Esperé casi tres años y medio para volver a ver a Lionel Messi disputar un partido de Copa del Mundo.
Durante ese tiempo pensé muchas veces en este momento.
Pensé en su edad.
Pensé en todo lo que ha ganado.
Pensé en lo improbable que parece volver a verlo en el Mundial de 2030.
Y pensé también en algo que millones de aficionados nos negamos a aceptar.
Que estamos viendo los últimos capítulos de una carrera irrepetible.
Por eso el partido de hoy tuvo algo especial.
No porque Messi haya necesitado demostrar algo.
Hace mucho tiempo que dejó de jugar para convencer a sus críticos.
Hoy vi al Messi que admiro desde hace años.
No al futbolista obsesionado por callar bocas.
No al jugador que carga con el peso de un país entero.
Vi al Messi que disfruta jugar al fútbol.
Al Messi que parece volver al barrio cada vez que toca la pelota.
Al Messi que entiende el juego mejor que cualquiera.
Mientras muchos observan velocidad, fuerza o intensidad, Messi observa otra cosa.
Observa espacios.
Observa movimientos.
Observa patrones.
Estudia al rival.
Lo analiza.
Lo desgasta.
Y cuando encuentra la oportunidad, ataca.
Así ha sido toda su carrera.
Y así volvió a ser hoy.
Hubo algo que me llamó especialmente la atención.
Argentina jugó para Messi.
Y al mismo tiempo no pareció hacerlo.
No hubo una búsqueda desesperada por entregarle el balón en cada jugada.
No hubo dependencia exagerada.
No hubo ansiedad.
Simplemente hubo un grupo de futbolistas que entiende perfectamente quién es su líder y cómo potenciarlo.
Corrieron cuando tenían que correr.
Presionaron cuando tenían que presionar.
Se sacrificaron cuando el partido lo exigió.
Y gracias a eso, Messi pudo hacer lo que mejor sabe hacer.
Pensar.
Crear.
Decidir.
Lastimar.
Por momentos tuve la sensación de estar viendo una versión más madura de la Argentina campeona del mundo en 2022.
Quizá menos explosiva.
Quizá menos sorprendente.
Pero mucho más consciente de sus fortalezas.

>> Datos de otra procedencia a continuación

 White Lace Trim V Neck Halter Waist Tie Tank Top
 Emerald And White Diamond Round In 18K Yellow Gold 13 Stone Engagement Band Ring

Mucho más cómoda con su identidad.
Mucho más preparada para competir.
Y eso me parece peligroso para cualquiera que se cruce en su camino.
Lo mejor de todo es que Argentina llega nuevamente sin el peso de ser favorita absoluta.

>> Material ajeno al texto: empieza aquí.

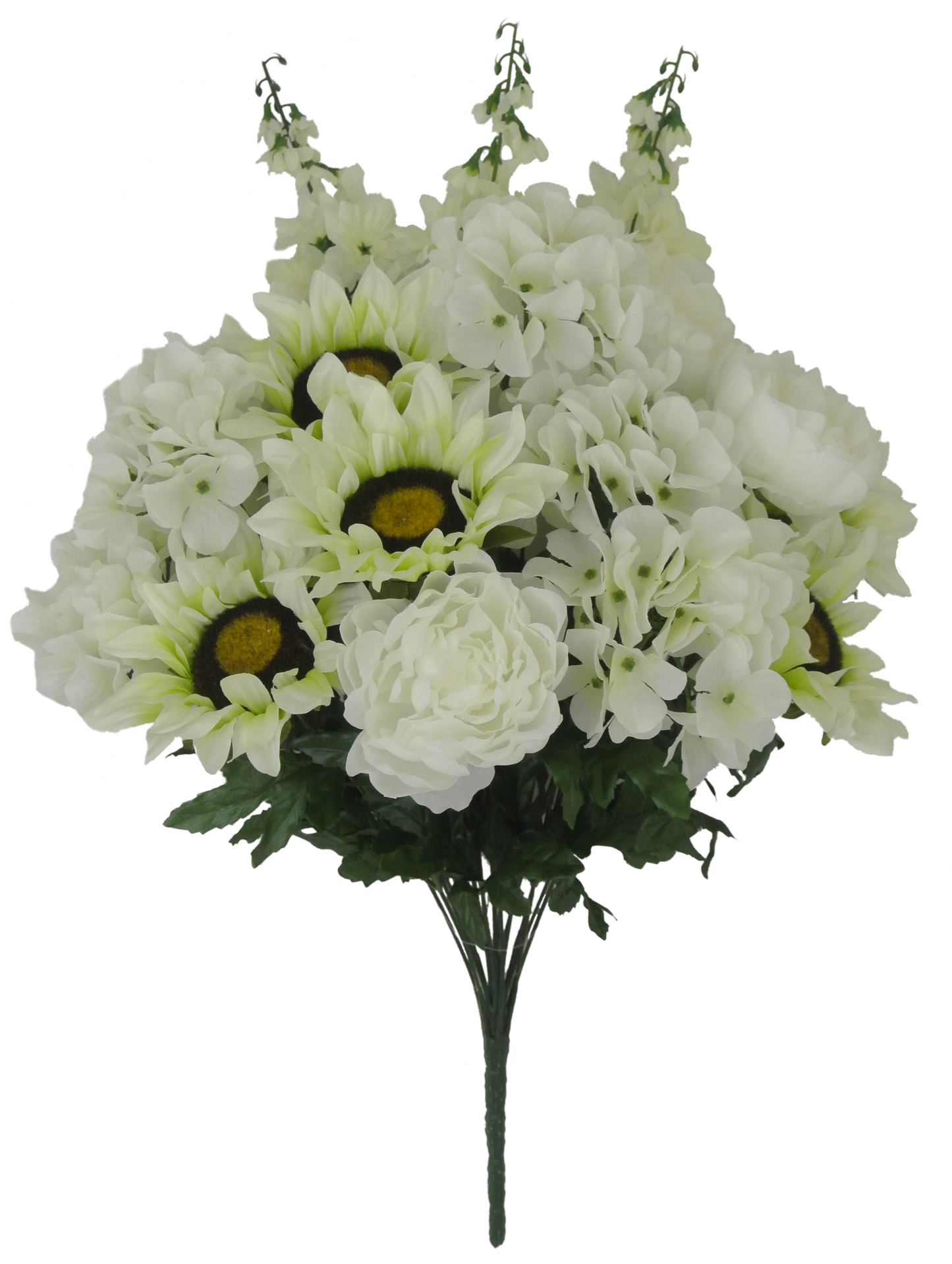60160-CRGR | 24" | PEONY SUNFLOWER BUSH | CREAM/GREEN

Y a los argentinos les encanta ese papel.
Les encanta que otros carguen con la presión.
Les encanta que hablen de Francia, de España, de Inglaterra o de Brasil.
Mientras tanto ellos siguen haciendo lo que mejor saben hacer.
Competir.
Hoy volví a ilusionarme.
Y no me da vergüenza decirlo.
Volví a imaginar a Messi levantando una Copa del Mundo.

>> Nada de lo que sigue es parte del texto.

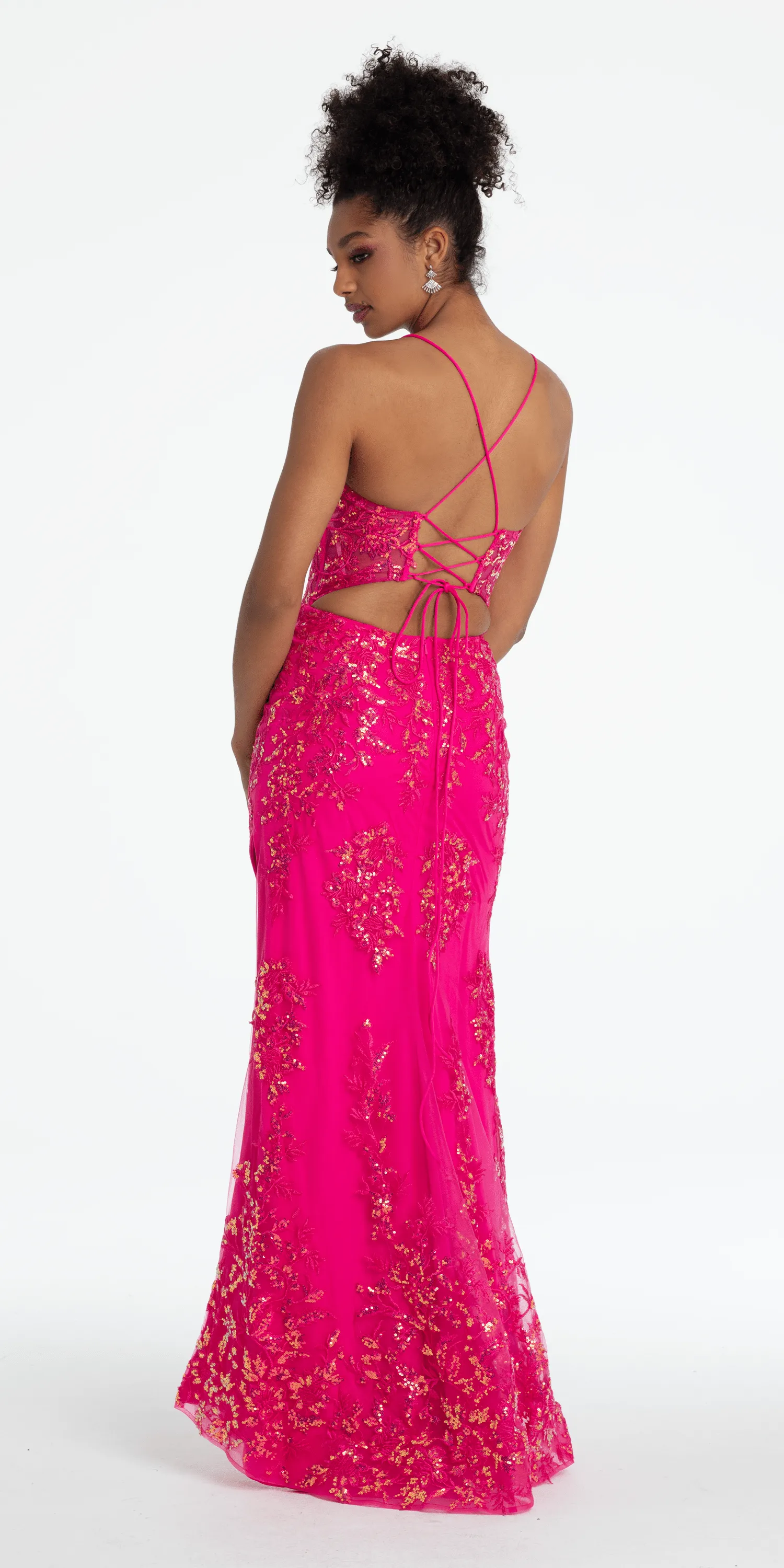 Embroidered Sequin Sweetheart Corset Column Dress with Side Slit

Volví a pensar en esa imagen que parecía imposible hace algunos años y que terminó convirtiéndose en realidad en Qatar.
Porque hay futbolistas extraordinarios.
Hay leyendas.
Hay ídolos.
Y luego está Lionel Messi.
El jugador que convirtió lo imposible en costumbre.
El futbolista que hizo del talento un arte.
El hombre que cambió para siempre la historia de este deporte.
No sé hasta dónde llegará Argentina en este Mundial.
No sé si volverá a ser campeona.
No sé si este será realmente el último Mundial de Messi.
Lo único que sé es que hoy vi algo que me recordó por qué me enamoré de este deporte.
Vi a un genio disfrutar del juego.
Y mientras eso siga ocurriendo, seguiré creyendo.
Porque para muchos es Lionel Messi.
Para otros es el GOAT.
Para algunos es la Cabra.
Para mí seguirá siendo simplemente el mejor futbolista que mis ojos han visto jugar.